:: Required action ::
Take the entries below and print only the lines from the one with "Alphabet Initial K" through the one with "Disney Pet Leash, Dog", exactly as they stand, both ends included.

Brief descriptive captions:
___

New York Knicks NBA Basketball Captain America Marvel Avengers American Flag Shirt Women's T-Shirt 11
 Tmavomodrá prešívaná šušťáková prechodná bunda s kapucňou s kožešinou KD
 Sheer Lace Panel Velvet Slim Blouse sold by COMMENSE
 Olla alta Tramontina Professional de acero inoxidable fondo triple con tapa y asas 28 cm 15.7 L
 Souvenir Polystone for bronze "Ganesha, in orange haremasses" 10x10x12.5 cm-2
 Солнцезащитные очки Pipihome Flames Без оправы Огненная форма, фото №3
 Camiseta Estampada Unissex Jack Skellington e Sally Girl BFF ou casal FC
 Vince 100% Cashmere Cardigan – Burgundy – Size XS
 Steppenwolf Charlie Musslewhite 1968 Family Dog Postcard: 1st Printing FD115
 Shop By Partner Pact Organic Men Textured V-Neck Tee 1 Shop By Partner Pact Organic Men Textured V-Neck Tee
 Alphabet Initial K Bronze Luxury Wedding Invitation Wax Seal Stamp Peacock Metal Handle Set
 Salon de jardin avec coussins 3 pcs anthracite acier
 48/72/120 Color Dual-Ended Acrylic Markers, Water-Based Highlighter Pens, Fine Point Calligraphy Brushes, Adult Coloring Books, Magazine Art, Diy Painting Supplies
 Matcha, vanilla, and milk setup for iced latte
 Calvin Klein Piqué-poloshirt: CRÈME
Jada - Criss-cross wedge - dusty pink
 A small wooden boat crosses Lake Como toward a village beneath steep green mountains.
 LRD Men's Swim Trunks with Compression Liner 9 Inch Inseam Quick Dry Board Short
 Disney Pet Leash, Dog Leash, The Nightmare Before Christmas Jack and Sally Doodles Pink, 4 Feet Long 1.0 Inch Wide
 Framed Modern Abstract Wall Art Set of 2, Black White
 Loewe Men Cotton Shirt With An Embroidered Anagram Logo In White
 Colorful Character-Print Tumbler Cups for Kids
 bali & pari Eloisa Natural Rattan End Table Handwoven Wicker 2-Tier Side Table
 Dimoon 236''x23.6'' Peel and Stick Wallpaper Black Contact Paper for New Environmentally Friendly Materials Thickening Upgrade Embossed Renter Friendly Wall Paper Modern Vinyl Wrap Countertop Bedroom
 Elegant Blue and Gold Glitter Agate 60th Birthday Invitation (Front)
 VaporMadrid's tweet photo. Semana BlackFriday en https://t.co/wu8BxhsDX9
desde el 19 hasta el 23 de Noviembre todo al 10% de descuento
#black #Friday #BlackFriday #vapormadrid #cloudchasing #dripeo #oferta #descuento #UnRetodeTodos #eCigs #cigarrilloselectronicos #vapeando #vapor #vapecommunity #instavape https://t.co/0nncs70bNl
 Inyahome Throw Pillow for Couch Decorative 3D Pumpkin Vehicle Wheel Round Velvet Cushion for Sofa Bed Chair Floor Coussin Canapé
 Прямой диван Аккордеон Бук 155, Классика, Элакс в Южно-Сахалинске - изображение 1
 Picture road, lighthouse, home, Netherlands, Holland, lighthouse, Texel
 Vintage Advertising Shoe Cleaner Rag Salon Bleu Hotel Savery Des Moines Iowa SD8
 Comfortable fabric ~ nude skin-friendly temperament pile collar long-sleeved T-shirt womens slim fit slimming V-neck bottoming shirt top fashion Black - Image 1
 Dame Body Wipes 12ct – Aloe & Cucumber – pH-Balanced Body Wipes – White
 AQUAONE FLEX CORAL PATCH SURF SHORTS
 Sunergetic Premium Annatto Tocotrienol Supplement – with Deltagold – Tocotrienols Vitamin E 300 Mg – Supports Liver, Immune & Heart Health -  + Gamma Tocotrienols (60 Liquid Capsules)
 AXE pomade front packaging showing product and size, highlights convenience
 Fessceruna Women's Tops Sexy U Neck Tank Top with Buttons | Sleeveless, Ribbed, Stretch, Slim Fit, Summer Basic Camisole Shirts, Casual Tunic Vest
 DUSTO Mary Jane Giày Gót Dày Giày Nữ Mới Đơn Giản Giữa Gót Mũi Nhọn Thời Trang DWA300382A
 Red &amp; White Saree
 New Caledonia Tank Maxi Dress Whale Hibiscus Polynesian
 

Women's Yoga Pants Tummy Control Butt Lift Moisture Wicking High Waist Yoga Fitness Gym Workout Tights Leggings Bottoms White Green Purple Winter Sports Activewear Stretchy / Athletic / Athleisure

___

:: Response for this exercise ::
 Alphabet Initial K Bronze Luxury Wedding Invitation Wax Seal Stamp Peacock Metal Handle Set
 Salon de jardin avec coussins 3 pcs anthracite acier
 48/72/120 Color Dual-Ended Acrylic Markers, Water-Based Highlighter Pens, Fine Point Calligraphy Brushes, Adult Coloring Books, Magazine Art, Diy Painting Supplies
 Matcha, vanilla, and milk setup for iced latte
 Calvin Klein Piqué-poloshirt: CRÈME
Jada - Criss-cross wedge - dusty pink
 A small wooden boat crosses Lake Como toward a village beneath steep green mountains.
 LRD Men's Swim Trunks with Compression Liner 9 Inch Inseam Quick Dry Board Short
 Disney Pet Leash, Dog Leash, The Nightmare Before Christmas Jack and Sally Doodles Pink, 4 Feet Long 1.0 Inch Wide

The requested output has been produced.